◆ **RECORDS TO USE**
------------------------------------------------
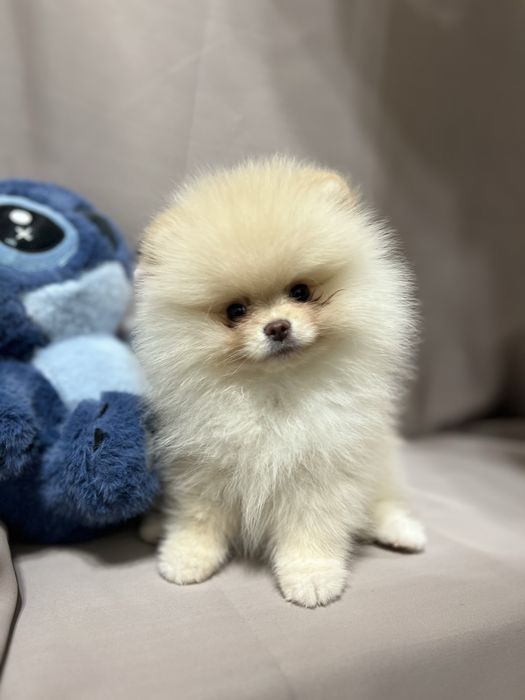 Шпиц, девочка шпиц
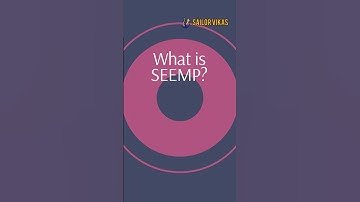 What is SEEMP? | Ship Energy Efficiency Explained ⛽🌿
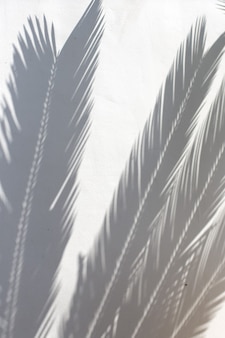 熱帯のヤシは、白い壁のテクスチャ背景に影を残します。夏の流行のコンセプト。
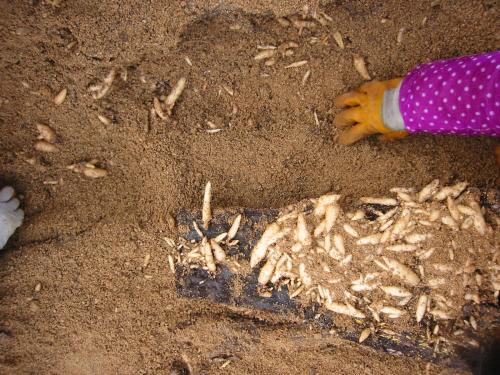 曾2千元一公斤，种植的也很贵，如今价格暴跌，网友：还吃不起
------------------------------------------------
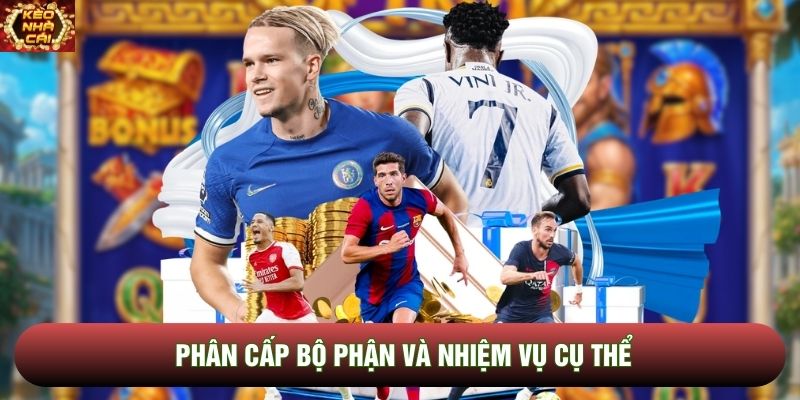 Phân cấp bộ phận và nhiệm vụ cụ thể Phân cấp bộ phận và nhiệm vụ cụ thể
------------------------------------------------
◆ **WHAT YOU ARE ASKED TO DO**
Using the entries above, repeat exactly the lines from the one with "Шпиц, девочка шпиц" to the one with "曾2千元一公斤，种植的也很贵，如今价格暴跌，网友：还吃不起", both included, and leave the pictures behind.

◆ **RESULT OF THIS EXERCISE**
 Шпиц, девочка шпиц
 What is SEEMP? | Ship Energy Efficiency Explained ⛽🌿
 熱帯のヤシは、白い壁のテクスチャ背景に影を残します。夏の流行のコンセプト。
 曾2千元一公斤，种植的也很贵，如今价格暴跌，网友：还吃不起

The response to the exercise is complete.